Special Turkey’s anti-PKK operation begins in Iraq
Kurdish fighters hold a position in Faysh Khabur, which lies in Iraq’s Kurdish autonomous region near the three-way border between Iraq, Syria and Turkey in this March 29, 2018 photo. (AFP)
Updated 28 May 2019

Turkey’s anti-PKK operation begins in Iraq

Turkey’s anti-PKK operation begins in Iraq
  • Ankara aims to ‘neutralize terrorists and destroy their shelters’

ANKARA: Turkey launched a military operation against the Kurdistan Workers’ Party (PKK) in northern Iraq on Monday.

Operation Claw, in the Hakurk region along the Turkish and Iranian borders, was conducted by commandos with air and artillery support.

The aim is to “neutralize terrorists and destroy their shelters,” said Turkey’s Defense Ministry. 

PKK militants mainly enter Turkey through Hakurk, and usually launch offensives during spring and summer.

More than 40,000 people have been killed during the group’s decades-long insurgency against the Turkish state.

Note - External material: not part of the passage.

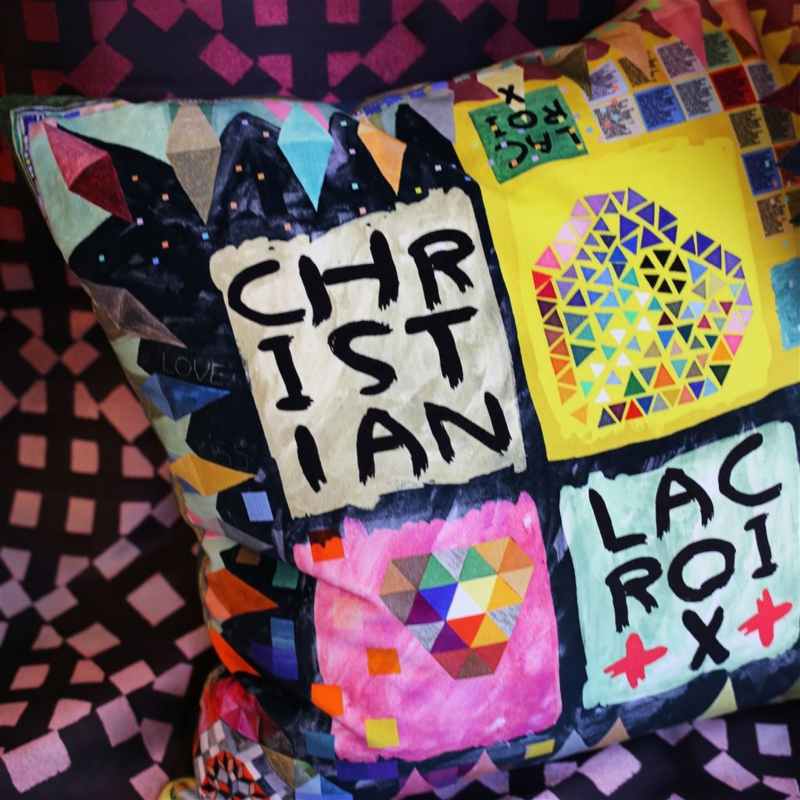 Christian Lacroix Arlecchino Wood Abstract Cushion in Multi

The PKK is listed as a terrorist group by Turkey, the US and the EU.

Iraqi Prime Minister Adel Abdel Mahdi recently visited Ankara and, at a joint press conference with Turkish President Recep Tayyip Erdogan, promised further security cooperation.

Mete Sohtaoglu, an Istanbul-based Middle East expert, told Arab News: “This cross-border ground and air operation has support from Baghdad.”

Sohtaoglu said “time will tell” what Tehran’s reaction is to the Turkish operation. “Another aim of the operation is to cut links between the PKK and its Syrian affiliates,” he added.

The PKK’s jailed leader Abdullah Ocalan recently urged the Kurdish-led Syrian Democratic Forces (SDF) to “consider Turkish sensitivities in Syria, with constitutional assurances given within the framework of Syria’s territorial integrity.” Ankara says the SDF is affiliated with the PKK.

Bilgay Duman, coordinator of Iraq studies at the Ankara-based think-tank ORSAM, said Operation Claw is significant in that it was launched on the same day that Iraqi President Barham Salih was in Turkey for a working visit.

The Iraqi government “can’t become very active against the PKK as it doesn’t have any administrative efficiency in the northern territories, but it’s aware of all of Ankara’s sensitivities and concerns,” he told Arab News.

Duman said he expects Turkey to target specific infrastructure, logistical bases and key PKK figures with Baghdad’s support.

“The PKK’s presence in urban areas (in Iraq) like Sinjar and Mahmour is a serious problem to tackle as well,” he added.